REMOÇÃO DE TUTOR
PRINCÍPIO DO CONTRADITÓRIO
CONSELHO DA REVOLUÇÃO
INTERDIÇÃO POR ANOMALIA PSÍQUICA
Sumário

I- Não prevê o artigo 1949.º do Código Civil que o tutor, cuja remoção se pretende, seja ouvido, impondo-se o contraditório no que respeita ao conselho de família, o que se compreende considerando que o tutor não é parte no processo, sendo os membros do conselho de família quem se encontra em condições de zelar pelo interesse e bem-estar do interdito.

II- A lei, ao não impor a audição do tutor, pretende alcançar um ponto de equilíbrio entre o interesse e bem- -estar do interdito e o direito de defesa do tutor, exprimindo-se este último no processo através do próprio juiz enquanto guardião dos direitos individuais e garantia contra incidente injusto, cabendo-lhe, assim, ponderar, em cada caso, da necessidade (ou total desaconselhamento) de proceder à audição do tutor.

(SC)

Texto Integral

Acordam na 7ª Secção Cível do Tribunal da Relação de Lisboa,

I – Relatório

1. A.[…] veio recorrer do despacho que a removeu do cargo de tutora do seu filho J.[…], declarado interditado por sentença de 17.07.1993.

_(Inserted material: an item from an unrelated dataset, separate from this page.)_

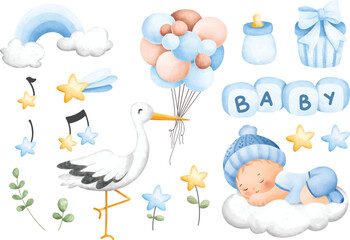 Fototapeta na wymiar Stork and Baby Boy Clipart. Watercolor illustration. Great for card and greetings.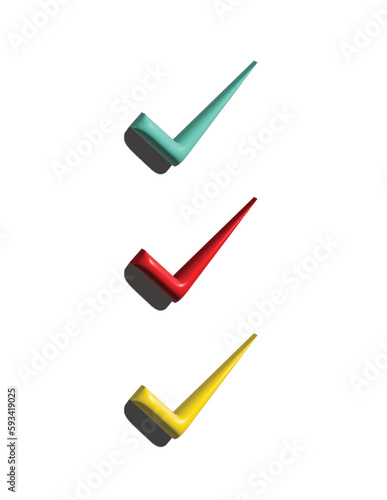 3d Approval heck icon isolated, set quality sign,, verification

2.Conclui a Agravante nas suas alegações:
1. Pelas razões invocadas nos pontos 01,02 e 03, da parte II das presentes alegações, o incidente de remoção da tutora deve ser processado por apenso – arts.º 944 e 958, do CPC.
2. Pelas razões invocadas no ponto 04 da parte II, a decisão proferida sem que fosse ordenada a notificação da agravante violou o art.º 3º do CPC, pelo que é nula – art.º 194, a) e art.º 668, n.º1, d), do CPC.
3. Pelas razões invocadas no ponto 05 da parte II, a decisão não específica os fundamentos de facto a servir-lhes de base, pelo que é nula – art.º 668, n.º1, b) do CPC.
4. Pelas razões invocadas em 06 da parte II, a decisão não observou o disposto nos art.ºs 1933, n.º1, do CC, não cumprindo, assim, o disposto no n.º2 do citado art.º 659.
5. Pelas razões invocadas em 09 e 10 da parte II, deve o recurso subir nos autos do incidente e ter efeito suspensivo – art.º 736, n.º1, 1ª parte, 739, n.º1, 1ª parte e n.º2 e art.º 740, n.º1, do CPC.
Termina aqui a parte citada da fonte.